Mas na visita dos sul africanos a Lourenço Marques, Coluna já pôde jogar e vingou-se apontando os sete golos da vitória por 7x0. Na metrópole, ou Portugal Continental como chamamos hoje em dia, os três grandes mostravam interesse em contratar a jovem estrela moçambicana. O primeiro a tentar a contratação foi o FC Porto, depois foi a vez do Sporting que dobrou a proposta, mas seria apenas à terceira, quando o Benfica, que até ofereceu menos que os leões, apelou ao coração de Coluna, e fez valer o estatuto de casa mãe, para fazer o jovem jogar de águia ao peito, corria o ano de 1954.
Benfica
A presença de Coluna na Luz seria preponderante na correlação de forças no futebol lusitano. Até à chegada de Coluna, o Sporting era a maior potência futebolística portuguesa, acabando de conquistar um tetracampeonato que garantia o sétimo título em oito anos. Durante os dezasseis anos que se seguiram, Mário Coluna faria parte das diversas equipas benfiquistas que conquistaram dez campeonatos. Ao abandonar o Sport Lisboa e Benfica, às águias eram as dominadoras absolutas do futebol em Portugal.
Apesar da história de sucesso, a verdade é que os primeiros tempos de Coluna no Benfica foram difíceis. Sem se conseguir impor na equipa, não convencia Otto Glória a jogar como avançado. Raramente convocado, ponderou abandonar Lisboa, ou mudar de clube.

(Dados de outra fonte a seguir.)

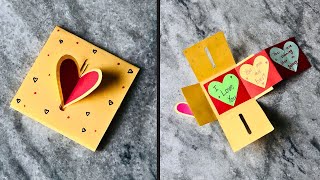 Heart Popup I Love U card DIYPaper crafts  crafts ideas diy craft [upl. by Proffitt]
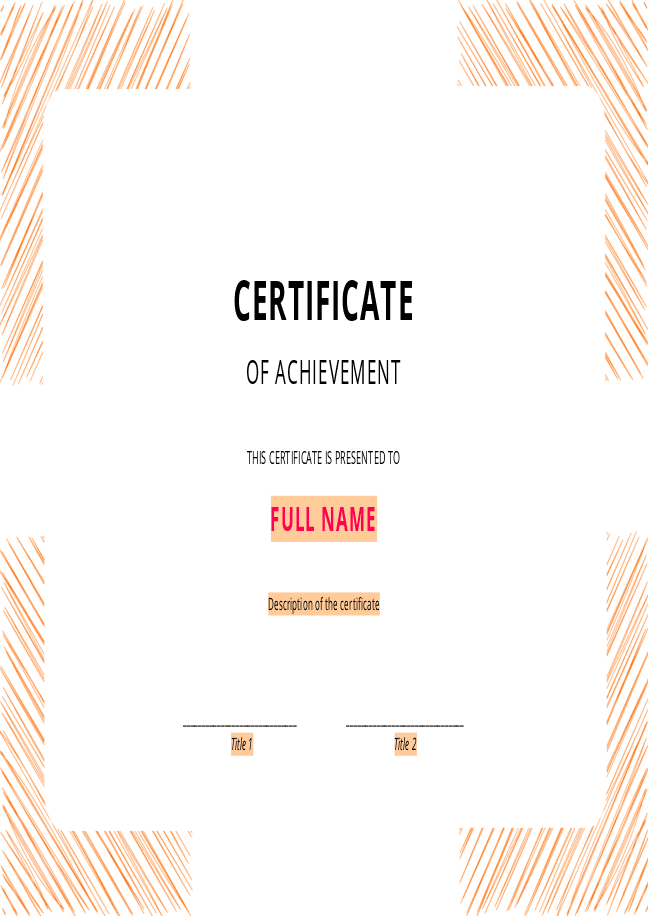 Certificate of achievement form 3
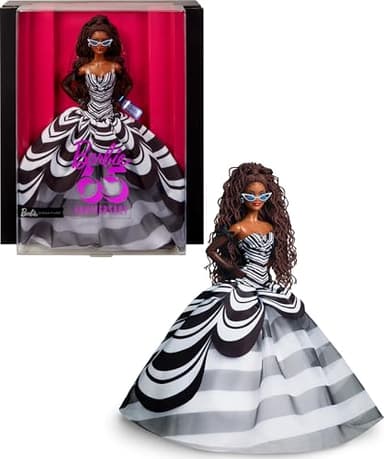 Barbie Signature Doll, 65th Anniversary Collectible with Brown Braided Hair, Black & White Gown, Sapphire Gem Earrings & Sunglasses
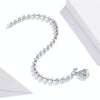 S925 Sterling Silver Heart-shaped Punk Beads Women Bracelet Jewelry, Size:17cm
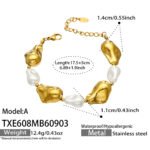Gold and silver plated chunky irregular molten metal and baroque pearl statement necklace and bracelet set in stainless steel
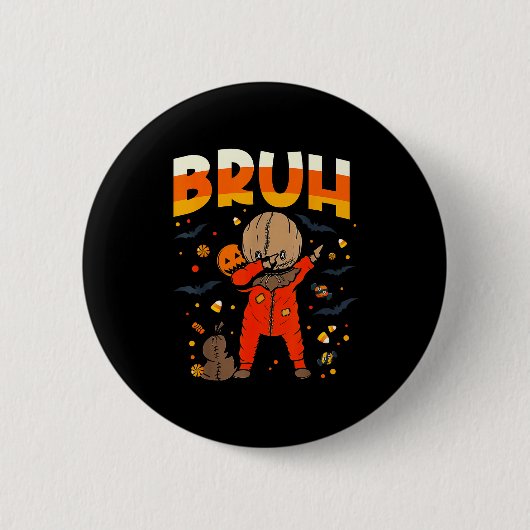 Cute Sam Dabbing Funny Bruh Halloween Costume 2025 Button (Vorderseite)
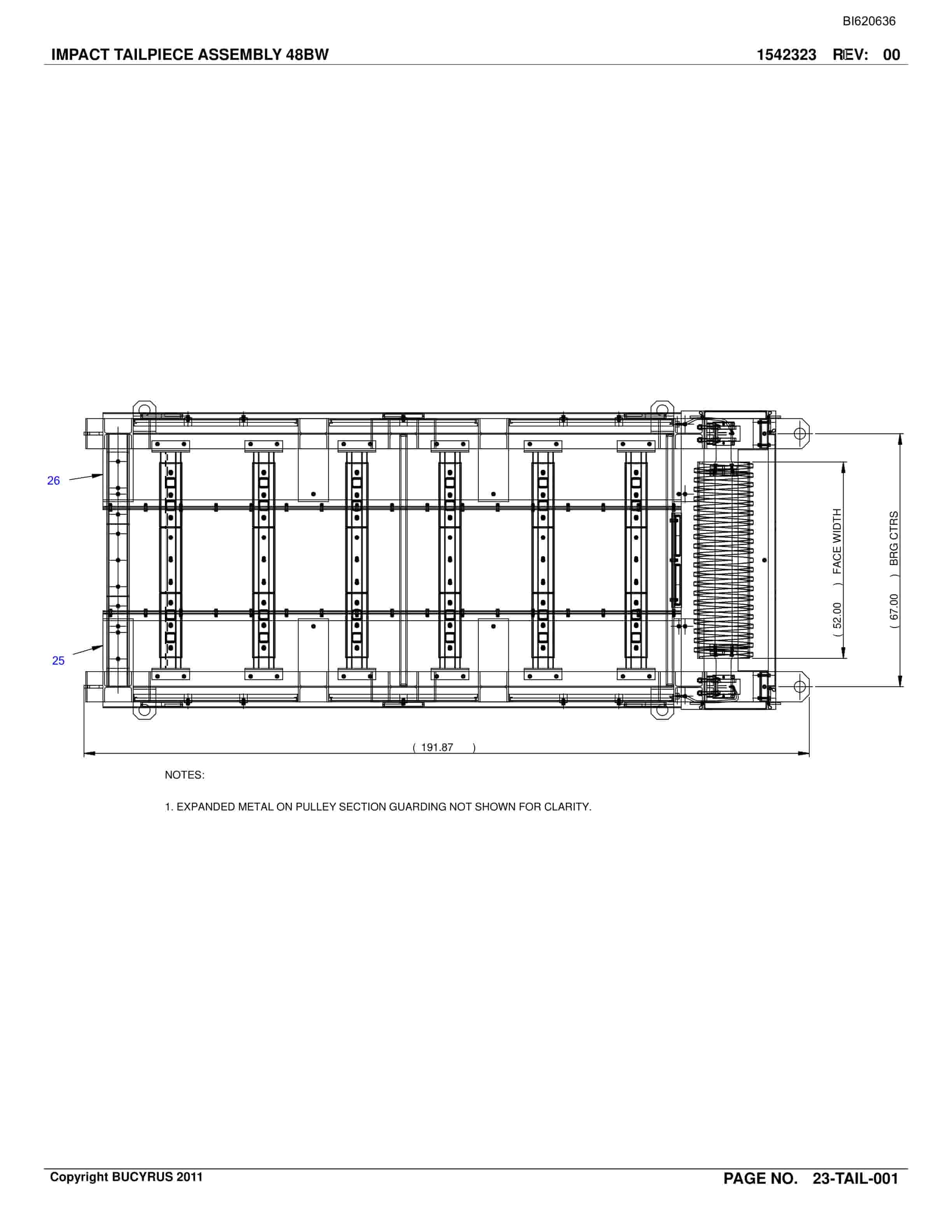 Bucyrus Belt System Spare Parts List BI620636-2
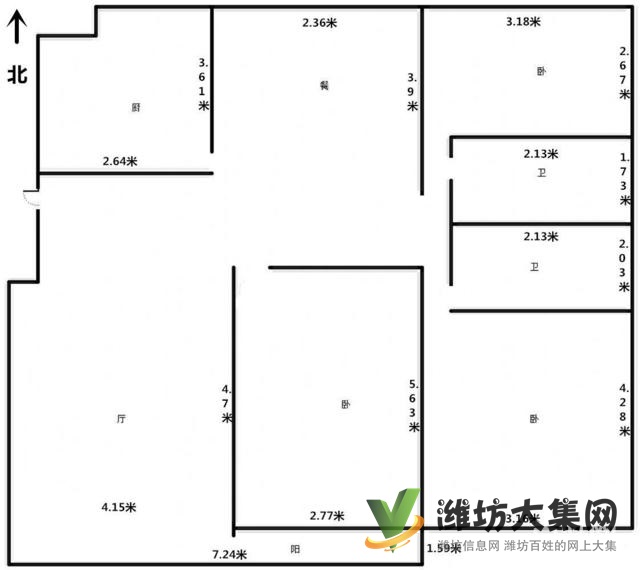 电业局单位房 不沿街中间楼层153平两卫 没税看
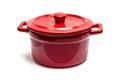 Red enamel pot Royalty Free Stock Photo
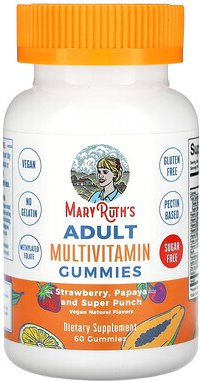 MaryRuth's, Adult Multivitamin, Multivitamine für Erwachsene, Erdbeere, Papaya und Super Punch, 60 Fruchtgummis
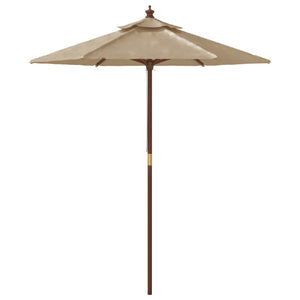 Ομπρέλα Κήπου με Ξύλινο Ιστό Taupe 196x231 εκ. - Pakobazaar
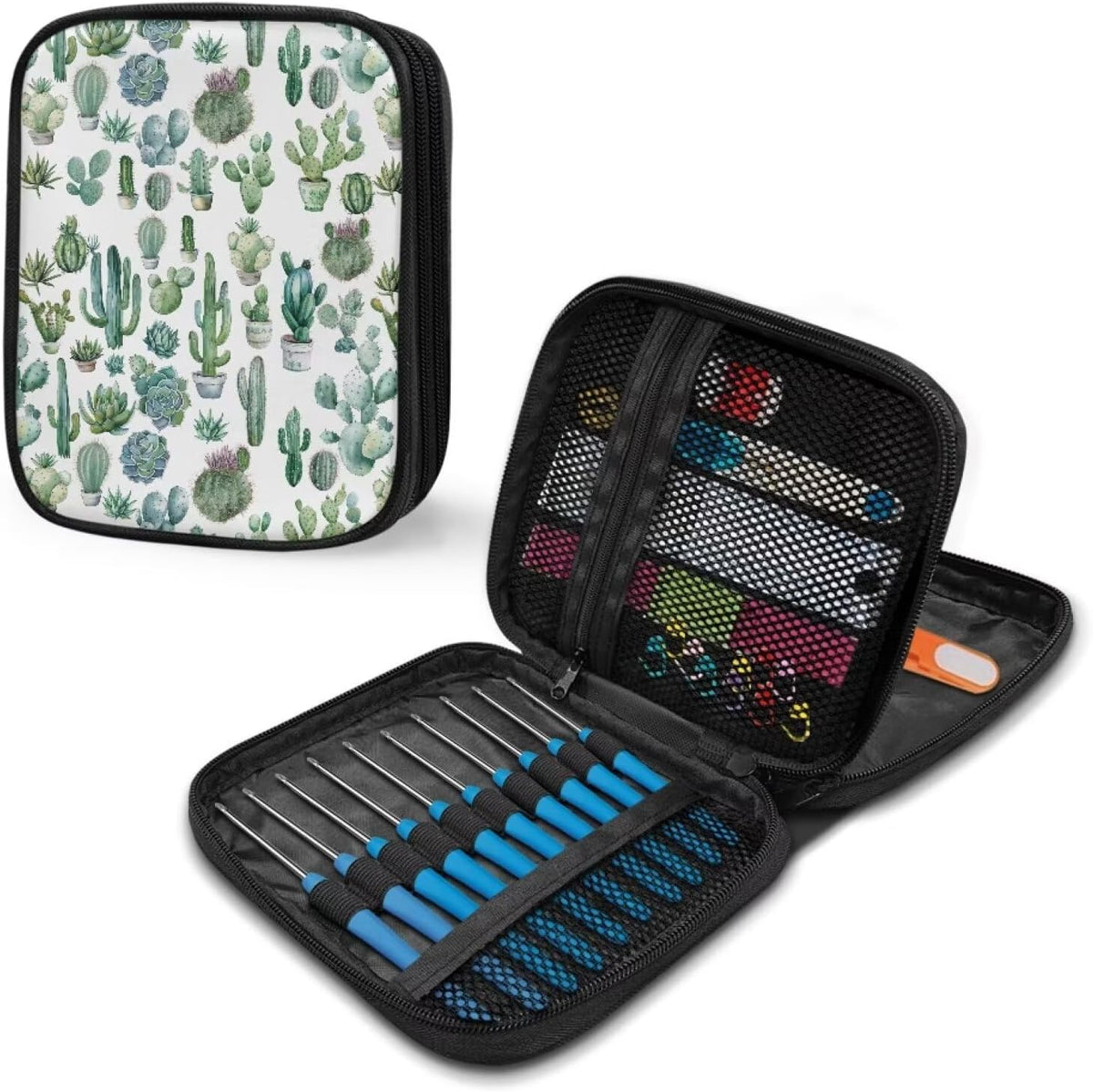 YUVAMAGIMO Cactus Empty Knitting Needles Case Portable Travel Crochet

O treinador brasileiro resolveu então fazer recuar Coluna no terreno e o resto, é literalmente história. Com a sua força, capacidade de técnica, aliada a uma soberba visão de jogo, Coluna começou a comandar a equipa encarnada do meio do campo, tornando-se no pêndulo do futebol encarnado.
Campeão no ano de estreia, voltou a ser campeão em 1957, mas a época dourada seria a de sessenta, onde o seu Benfica conquistou oito campeonatos em dez épocas, além de ganhar duas Taças dos Campeões Europeus em cinco finais disputadas. Um feito que nem Eusébio se pode gabar.
Com o passar dos anos, recuou de dez para seis, liderando as equipas onde jogava cada vez mais de trás, com a sua voz de comando imperial, mantendo intocável a sua capacidade de leitura e distribuição de jogo.
Seleção e retirada
Na seleção, depois de algumas dúvidas, foi convocado por Manuel da Luz Afonso para se tornar uma das pedras fundamentais de Otto Glória durante o Campeonato do Mundo de 1966. Em Inglaterra, brilhou a alto nível, ajudando Portugal a conquistar o bronze e ganhando um lugar no onze da FIFA.
Abandonaria a seleção dois anos depois, após ter vestido a camisola das quinas 57 vezes. No Benfica jogaria até 1970, quando foi dispensado, e sem remédio, acabou por ter de experimentar a carreira no estrangeiro, impedido que fora de terminar a carreira no clube do seu coração.
Em França, com a camisola do Olympique de Lyon, jogaria apenas por 19 vezes, acabando a carreira finalmente em 1972. Pendurou as botas e regressou a Lisboa, mas pouco anos depois, após a independência de Moçambique, regressou a casa, para viver em Maputo, ajudando à reconstrução e crescimento do seu amado Moçambique, onde, entre outras funções, foi presidente da Federação.